Antes de parir a Chacovachi, alternó buenas y malas, pero su ingreso a la colimba sería el comienzo de un infortunio prolongado. Estuvo un par de meses en Campo de Mayo, todo de verde, como una pera, aprendiendo a disparar. Pero buscó algo más servicial, porque el asunto de los tiros no terminaba de cerrarle. Apenas pudo, mintió que había sido mozo, pasó alguna prueba de rigor y acabó sirviéndole al director de la Escuela Superior de Guerra. Se salió con la suya. 

Se ve que ya estaba embarazado de su payaso, porque tenía algunas rutinas preparadas: “Le serví a Galtieri, a Bignone; les escupí las tazas y me pasé por el culo el churrasco de todos esos soretes. Con el trapo de piso, les exprimía cuatro gotitas en la ensalada rusa”. Algo es algo. Afirma que tuvo mucho tiempo para pensar, mientras esperaba que el General lo llame con ese timbrecito que usan los importantes para que la gente menor disponga. 

1982 no era el mejor año para estar de colimba, pero él no era perro como para andar adivinando lo que estaba por ocurrir. Ni siquiera era payaso. No era nada. La mañana del 2 de abril, Fernando Cavarozzi se fumó un porro que disfrutó como pocas veces: ya tenía todo listo para ir a tramitar la baja y no verle nunca más la jeta a esos milicos. Desde la calle, llegaban bocinazos que no llamaron mucho su atención. Pero después empezaron a flamear algunas banderas argentinas y ahí se le pararon las antenitas, porque para el mundial de España todavía faltaban unos meses. Lo volvieron a rapar, lo vistieron de verde y le dieron esa mañana para despedirse de su familia. Lo mandaban a la guerra.

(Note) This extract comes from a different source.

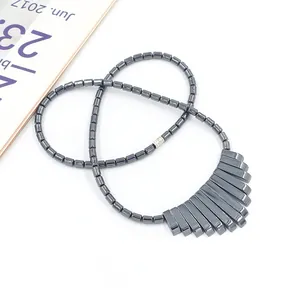 Donkergrijze hematiet kralenketting met een geometrische waaiervormige hanger op witte basis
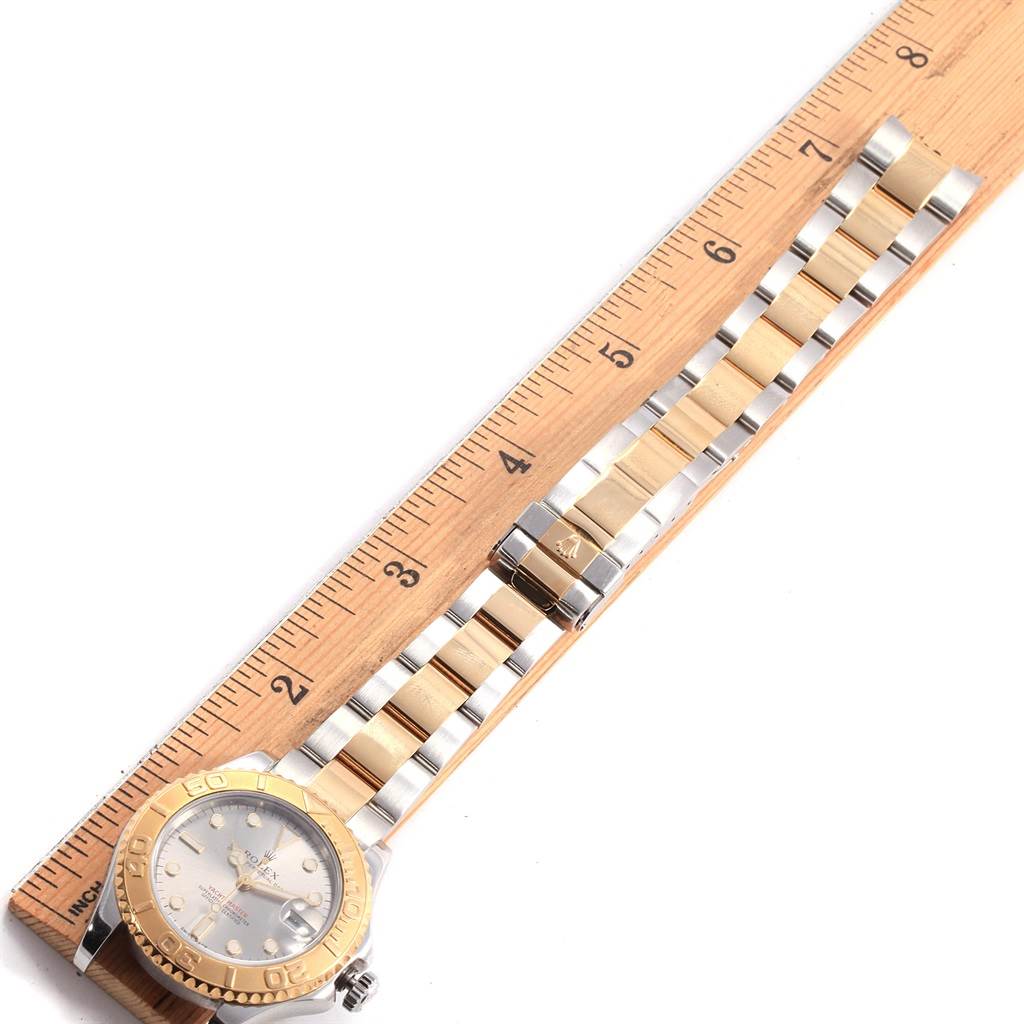 The image shows a Rolex Yacht-Master 168623 Men's Steel and Gold (two tone) Grey Dial 168623 Men's Steel and Gold (two tone) Grey Dial watch laid flat against a ruler, displaying the dial, bezel, and bracelet.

“Nos estaban llevando al Palomar en camiones de basura y los pibes cantaban por las Malvinas. Yo me quería matar. Al final, nos pasearon un par de horas y nos llevaron otra vez al regimiento. Eran chicos los aviones, no cabíamos todos. Por eso zafé de la guerra”. Eso pasó dos veces más: los alistaron, los pasearon por la ciudad y los volvieron a guardar. Ruleta rusa, nacional y popular. Mientras tanto, los retenían en un cuartel de Villa Martelli. “Practicábamos tiro con unos autos que había ahí. Yo no entendía nada. En la colimba había sido mozo, iba a tirar café hirviendo si me mandaban a Malvinas”. Recuerda que, cuando volvieron, los pibes parecían fantasmas. tenían todos diez kilos menos. Los milicos, encima, los vestían con ropa holgada, por un tema del ego que ellos deben creer que funciona. 

Poco tiempo después de Malvinas, este joven se encerró en la calle. Se zambulló en ese submundo de cultura popular y olvidó su casi guerra. En vez de sujetar una tormenta, dejó que su cielo aclare. “Si yo sufrí -asiente- no quiero imaginarme ellos. Encima después la gente les daba vuelta la cara o, peor, ¡los señalaban con el dedo por haber perdido la guerra! Yo me acuerdo de eso. Pobrecitos”.

El payaso explica que el humor fue creado con el noble propósito de atenuar un poco lo inevitable: la tragedia de la vida, la tragedia de la muerte que finalmente vendrá; ¿hay un plan mejor que reír, mientras tanto? Él cree que no, y recita de memoria una poesía de Bukowski. “Es lo poco que podemos hacer, este pequeño coraje del conocimiento; y también está, por supuesto, la locura y el terror de saber que alguna parte tuya es como un reloj, al que no puede dársele cuerda una vez que se para. Pero ahora hay un tic tac bajo tu camisa, y revolvés los porotos con una cuchara. Un amor muerto, tus sentimientos hirviendo sobre la llama. Tragate esto”.